Il ricercatore romano ha quindi approfittato del trasferimento in una nuova casa, con una camera libera, per iscriversi sul sito di Refugees Welcome Italia.
“Solo superando i muri – reali e culturali – che generano questa separazione fra noi e loro e creando spazi di scambio e di condivisione è possibile realizzare una comunità realmente inclusiva”
Vittorio
A soli quattro mesi dall’inizio della convivenza, Vittorio e Roland hanno facilmente trovato un equilibrio: “Viviamo come due coinquilini. Ci vediamo essenzialmente la sera, perché durante il giorno siamo entrambi molto impegnati. Ci siamo divisi i compiti in modo naturale, seguendo le nostre attitudini: io mi occupo di cucinare e fare la spesa, Roland è più dedito alla pulizia e a mettere in ordine. Ci siamo incastrati bene. Roland conferma: “Vittorio è un ottimo cuoco e, grazie a lui, sto assaporando piatti nuovi che non conoscevo. Fino ad oggi siamo andati sempre molto d’accordo, ma anche se ci fossero stati dei problemi, sono certo che avremmo potuto risolverli parlando. Crediamo entrambi che il dialogo e il confronto siano la base di ogni convivenza”.

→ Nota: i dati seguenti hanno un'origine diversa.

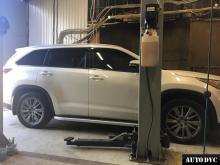 Installing a set of spacers to increase the ground clearance Toyota Highlander Lift Kits (leveling kits and coil spring spacer\strut spacer)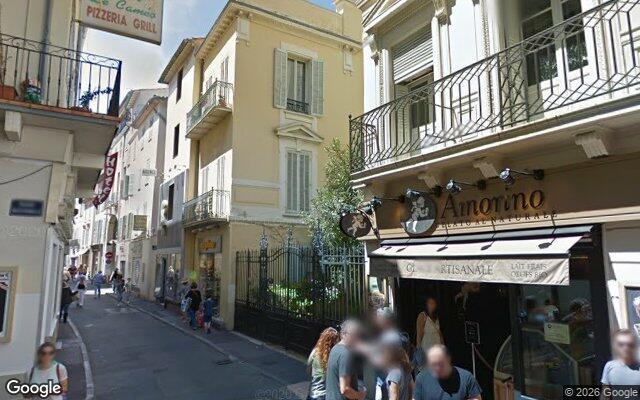 Façade : 45 rue de la Republique 6600 Antibes, Antibes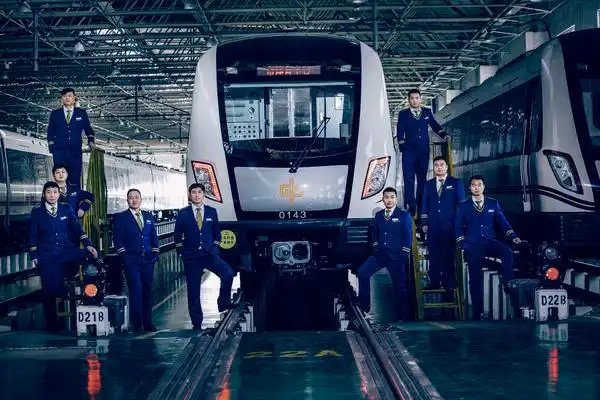 郑州地铁乘务员宣传照堪比大片为帅哥哥打call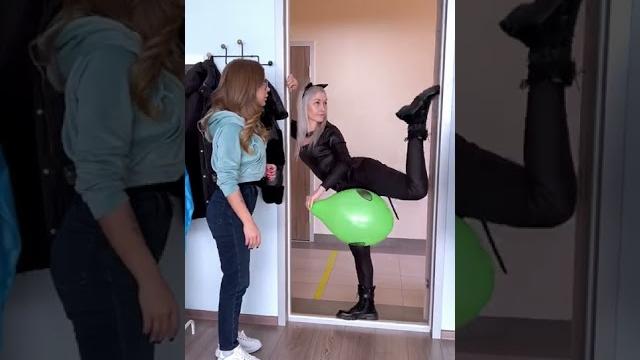 Бедный шарик #shorts #рек #реки #рекомендации Бедный шарик #shorts #рек #реки #рекомендации
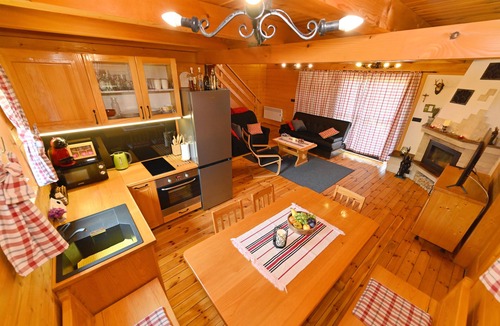 Duga Resa House | Relax by the Mrežnica River with jacuzzi, sauna and forest view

Dopo aver frequentato un corso di alta sartoria del centro Samifo, Salute Migranti Forzati, ora Roland svolge un tirocinio da Coloriage, una sartoria sociale. “La mia passione per il cucito è nata in Camerun, dove lavoravo per la casa di moda di un famoso stilista africano, Pathé’O, che disegna modelli ispirati allo stile occidentale e li realizza con tessuti locali. Grazie a questo lavoro ho viaggiato molto in Africa e in Asia e ho avuto l’occasione di conoscere costumi e tessuti di diverse culture. Da quando sono in Italia, mi sono dedicato a migliorare le mie competenze professionali in questo ambito. Mi piace molto il lavoro da Coloriage: nonostante sia ancora agli inizi, mi affidano ogni giorno capi più complicati e sto imparando moltissimo sulle tecniche e sulle rifiniture della sartoria europea. Il mio sogno è di avere, un giorno, un mio studio”.

La commistione fra stili e culture diverse è un tratto distintivo dei capi che Roland cuce: non è raro vederlo con addosso capi cuciti da lui stesso.“Mi piace molto questo suo interesse per la moda e il design italiani, il suo trasporto. Penso sia positivo per lui poter ricostruire la sua vita in un posto che ama”, commenta Vittorio.
“Per me, sarebbe stato più semplice chiedere asilo in Francia, paese di cui conosco bene la lingua, essendo francofono, e dove vive mia sorella. Ma ho scelto l’Italia perché ho sempre avuto una grande passione per tutto quello che è made in Italy e una istintiva simpatia per gli italiani, che considero un popolo molto aperto e accogliente” racconta Roland.
L’esperienza in famiglia sta contribuendo a rafforzare questo suo legame con il nostro Paese. “Ricordo bene quando sono entrato per la prima volta a casa di Vittorio: lui mi ha mostrato la mia camera e gli spazi in comune. Per me è stato un gesto di grande fiducia nei miei confronti, che mi ha fatto sentire bene e a mio agio. Da allora quella sensazione non è più andata via. Quando la sera rientro e Layala, il cane di Vittorio, mi corre incontro e mi fa le feste, mi sento davvero a casa. E dire che i cani non mi sono mai piaciuti. In questa nuova vita, sto mettendo in discussione molte delle mie certezze”.